Wedbush believes Palantir has the potential to become a dominant force in the AI market, akin to industry giants like Oracle (NYSE:ORCL) and Salesforce (NYSE:CRM). 

"We believe Palantir has a path to become the next Oracle or Salesforce over the coming years," the note reads. "We see the Messi of AI as a core winner in the trillions of AI spend over the next few years."

The firm highlighted the growing traction of Palantir's Artificial Intelligence Platform (AIP), particularly within both the commercial and government sectors. 

Wedbush said they believe boot camp deal conversions will be the key theme for Palantir into the next few quarters, with “the Street still underestimating core AIP growth in our view.”

“We are hearing from customers that bootcamps are providing unmatched value and AI insight leading to very quick sales cycles and shortening conversion timelines to deploy products, optimize workflows, and form use cases,” wrote Wedbush.

"AIP Generating More Traction with Improved AI Stack. PLTR continues to see unprecedented demand for AIP based on our recent checks across both commercial and government landscapes," the firm added.

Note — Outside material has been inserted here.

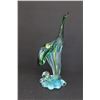 Image 2 : Blown Art Glass - 13.5" Tall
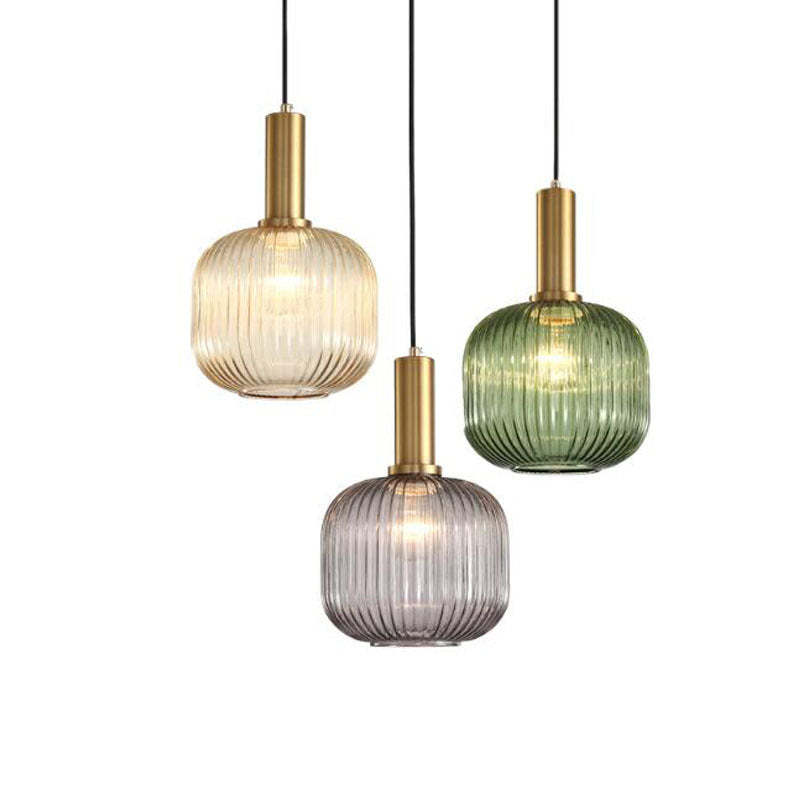 Scandinavian Metal Lantern Pendant Light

The firm also emphasized the potential tailwinds for Palantir from the current administration. They believe the Trump Administration represents an additional tailwind for PLTR, noting AI initiatives within the US government, including the DoD accelerating as AI remains a strategic focus on the federal front.

The firm acknowledged a one-time impact of $120 million in stock-based compensation expense in the fourth quarter but emphasized that this will have no impact on pro forma earnings or cash flows.